[TASK MATERIAL]
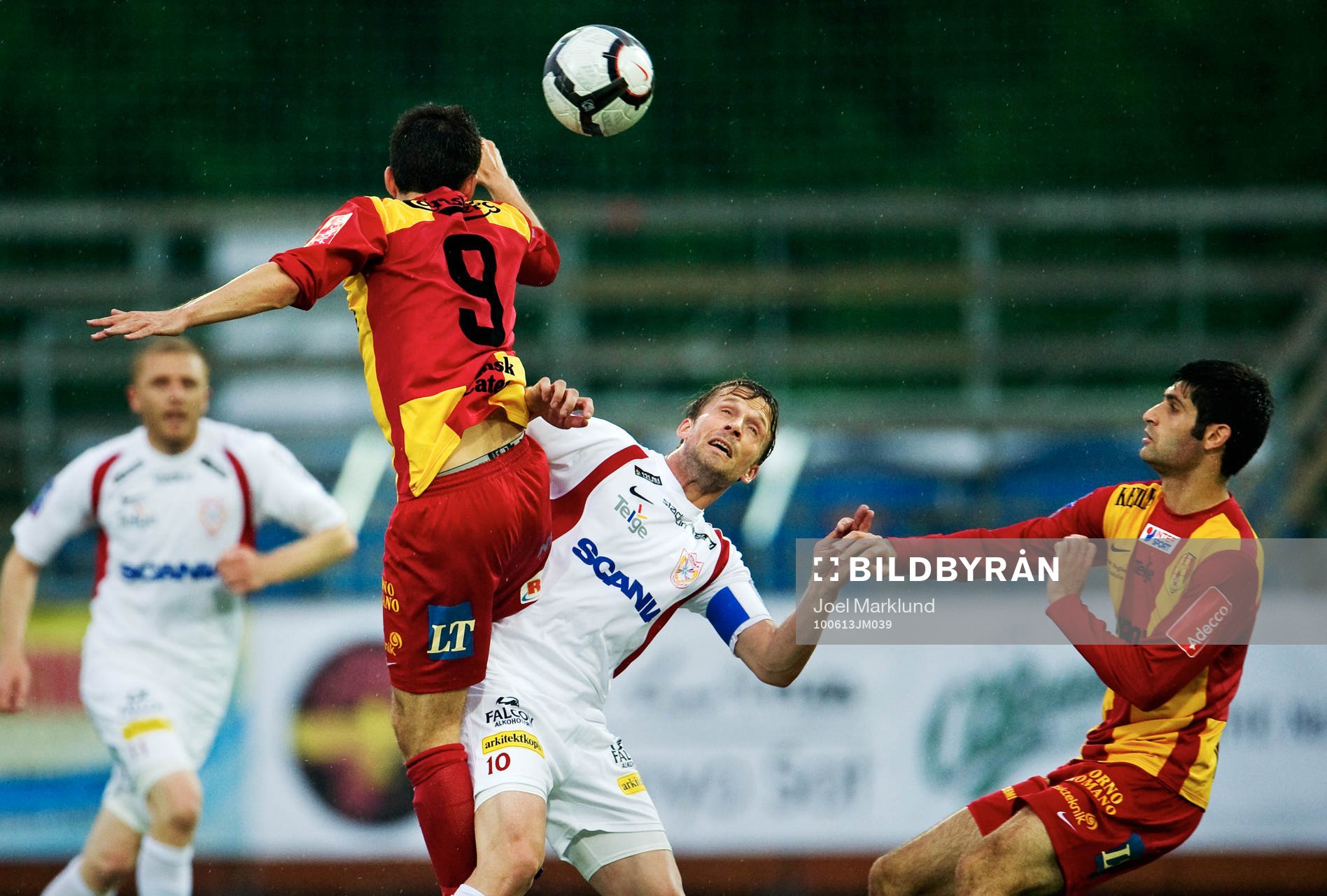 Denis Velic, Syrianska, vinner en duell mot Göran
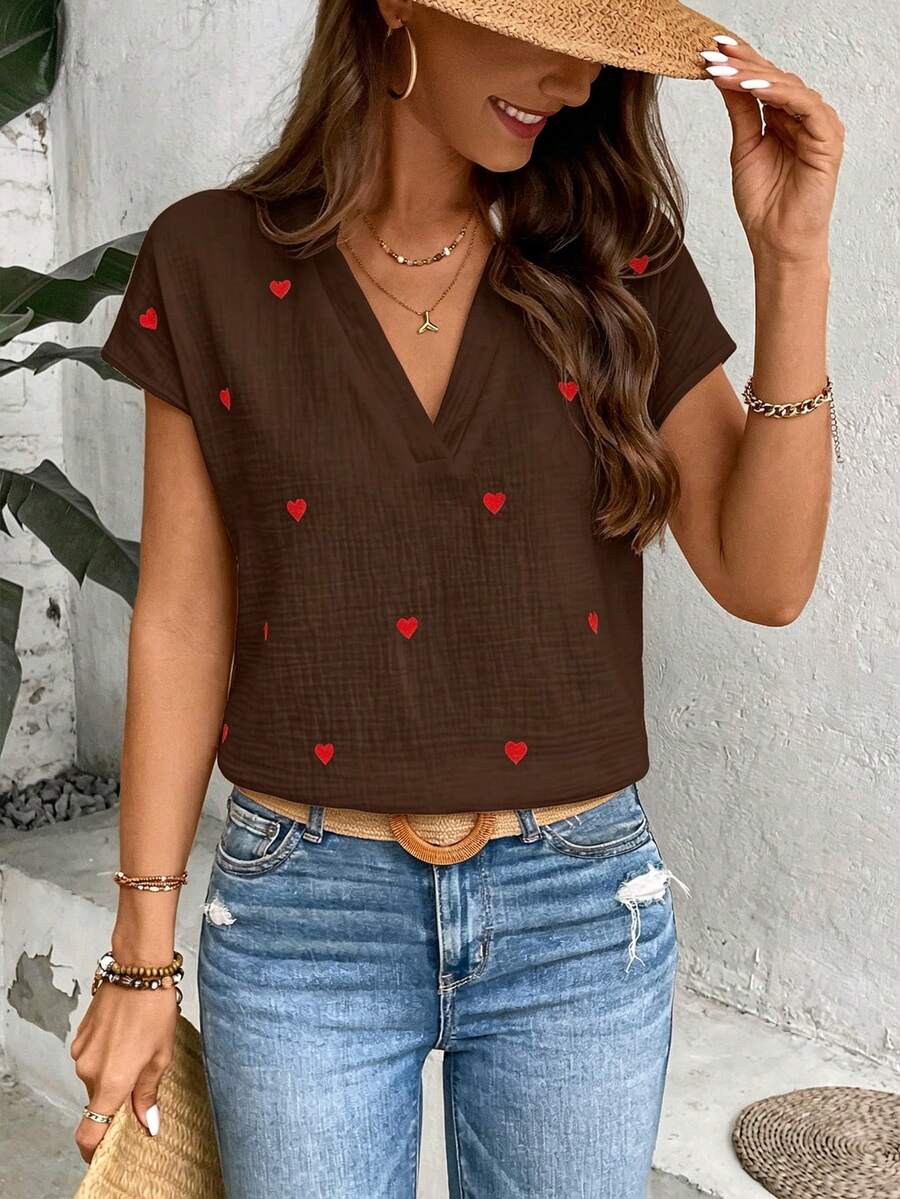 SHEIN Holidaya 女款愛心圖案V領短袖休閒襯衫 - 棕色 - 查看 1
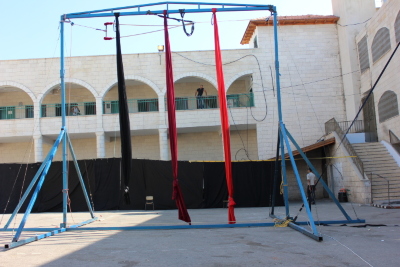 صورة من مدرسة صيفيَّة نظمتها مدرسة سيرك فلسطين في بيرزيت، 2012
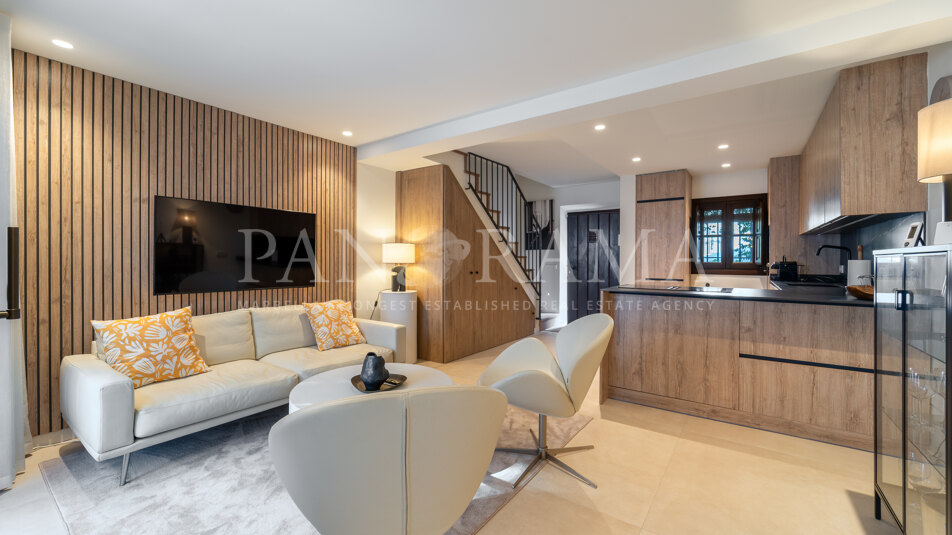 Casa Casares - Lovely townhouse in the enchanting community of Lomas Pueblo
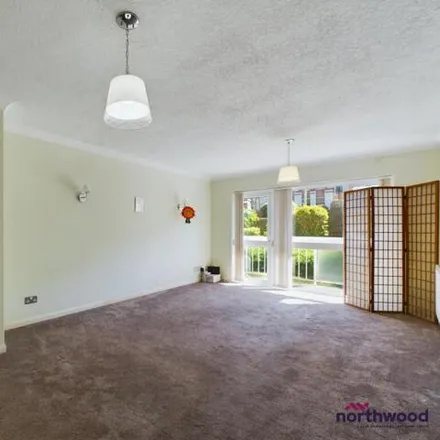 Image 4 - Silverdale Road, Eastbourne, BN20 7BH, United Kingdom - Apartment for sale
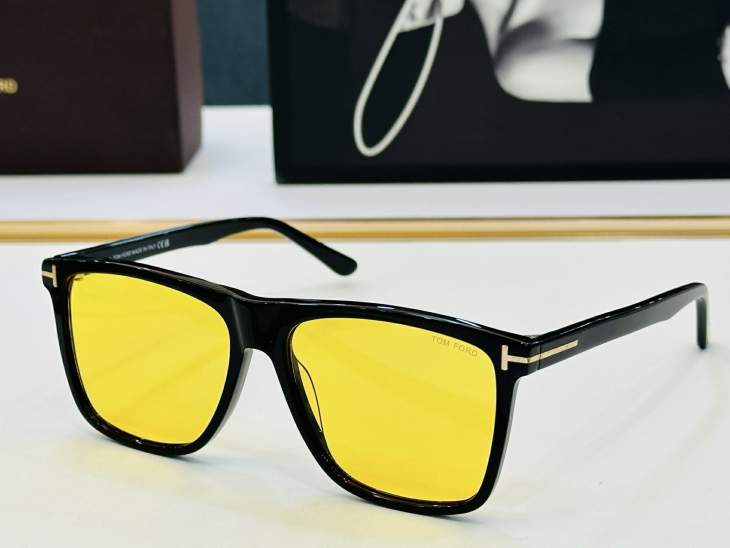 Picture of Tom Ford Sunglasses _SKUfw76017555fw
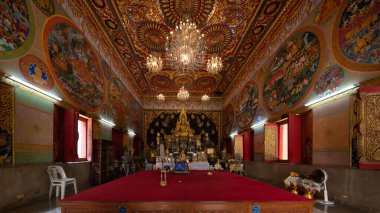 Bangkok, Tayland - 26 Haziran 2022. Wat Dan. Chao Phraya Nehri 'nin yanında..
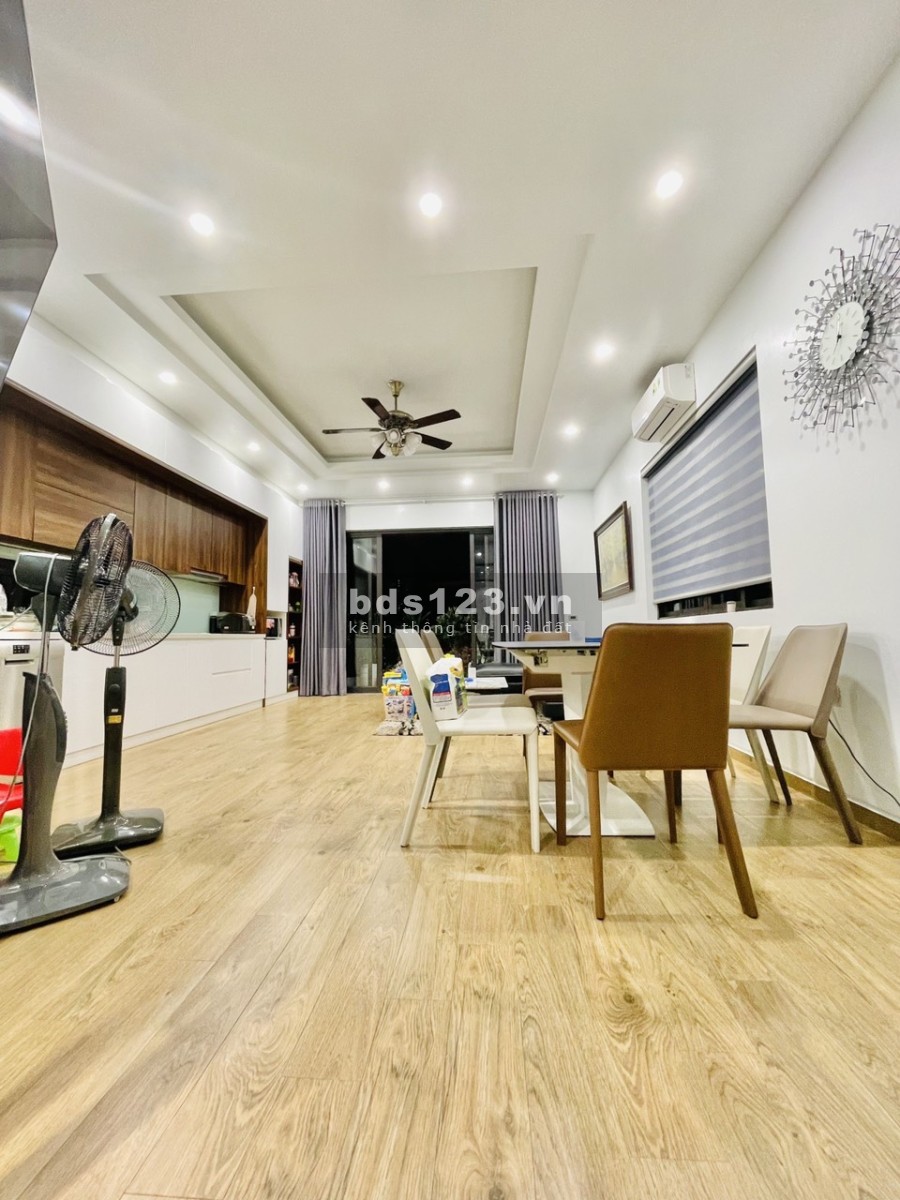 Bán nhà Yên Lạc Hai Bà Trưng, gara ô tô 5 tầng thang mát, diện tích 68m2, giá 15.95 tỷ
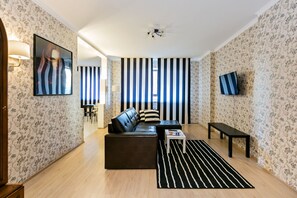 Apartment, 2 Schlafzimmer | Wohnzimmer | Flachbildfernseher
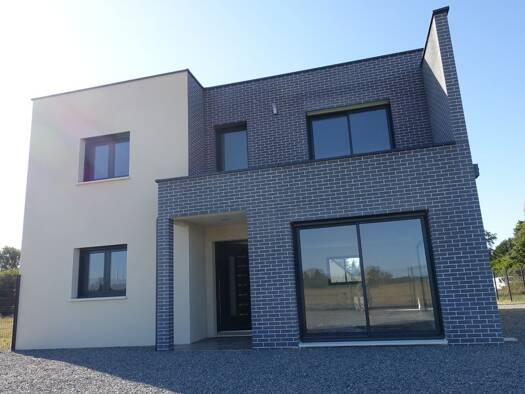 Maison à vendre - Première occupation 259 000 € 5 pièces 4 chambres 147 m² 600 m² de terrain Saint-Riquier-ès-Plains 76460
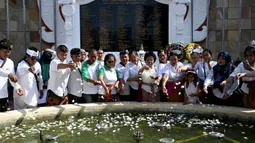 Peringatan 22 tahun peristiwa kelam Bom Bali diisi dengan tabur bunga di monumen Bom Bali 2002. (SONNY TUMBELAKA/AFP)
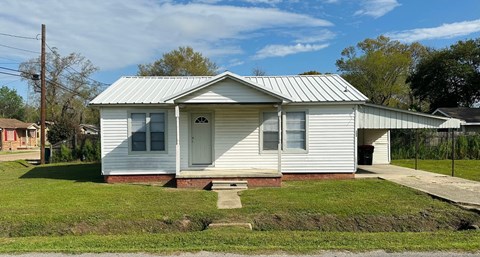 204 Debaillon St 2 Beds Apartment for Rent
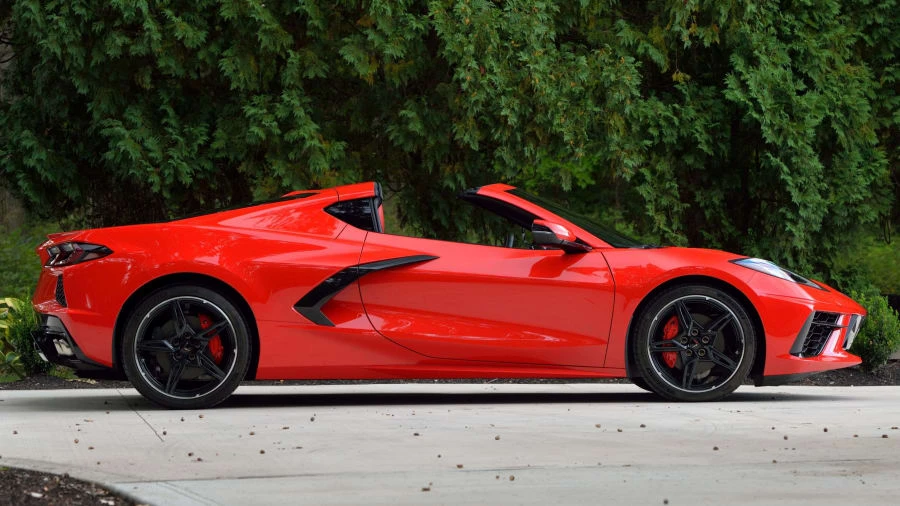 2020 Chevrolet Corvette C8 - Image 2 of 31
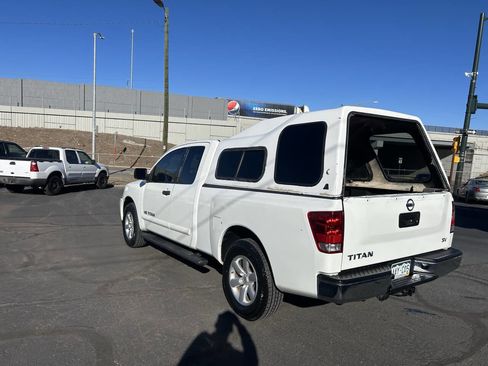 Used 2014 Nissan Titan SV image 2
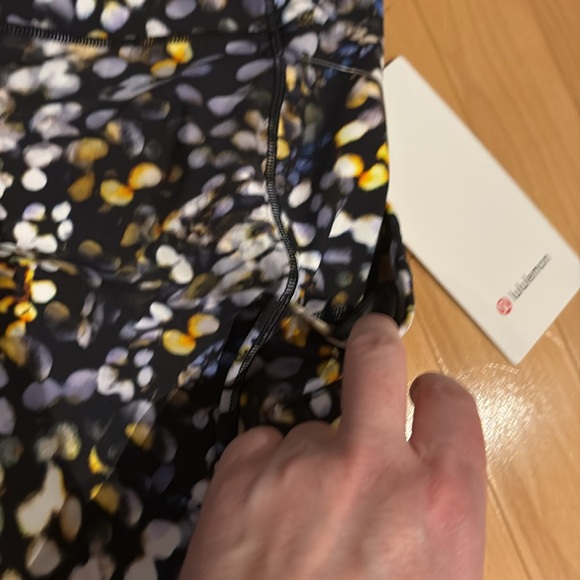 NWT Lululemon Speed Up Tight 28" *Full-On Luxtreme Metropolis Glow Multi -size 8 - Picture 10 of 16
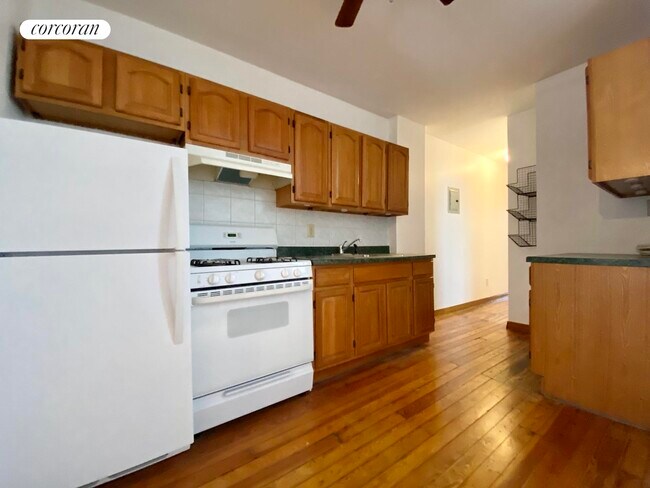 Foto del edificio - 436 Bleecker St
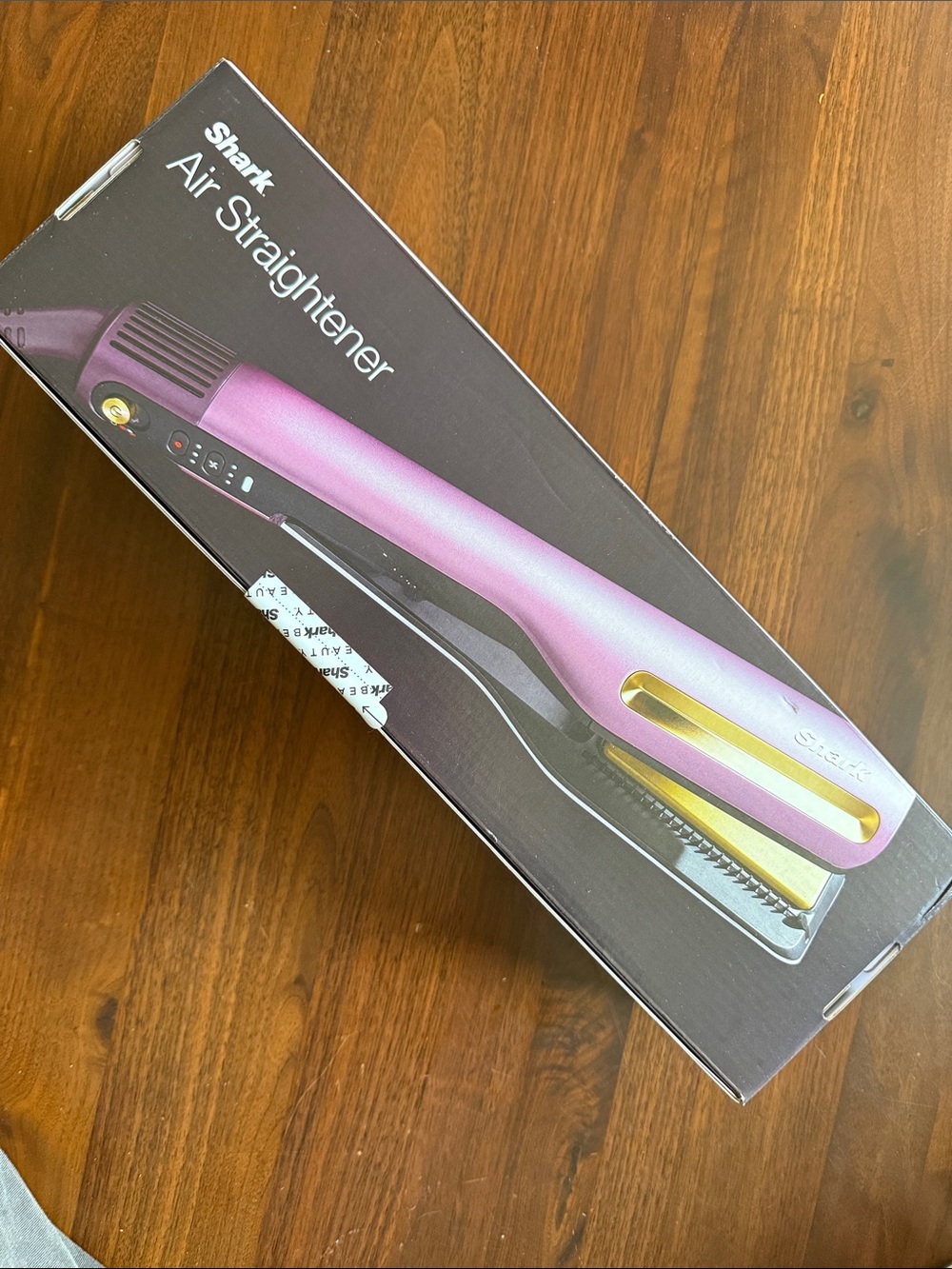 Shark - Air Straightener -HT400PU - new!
[/TASK MATERIAL]
### REQUIREMENT
Once the line with "Casa Casares - Lovely" is found above, transcribe each line from it through the line with "Bangkok, Tayland - 26", exactly, and omit the pictures.

### SOLUTION BELOW
 Casa Casares - Lovely townhouse in the enchanting community of Lomas Pueblo
 Image 4 - Silverdale Road, Eastbourne, BN20 7BH, United Kingdom - Apartment for sale
 Picture of Tom Ford Sunglasses _SKUfw76017555fw
 Bangkok, Tayland - 26 Haziran 2022. Wat Dan. Chao Phraya Nehri 'nin yanında..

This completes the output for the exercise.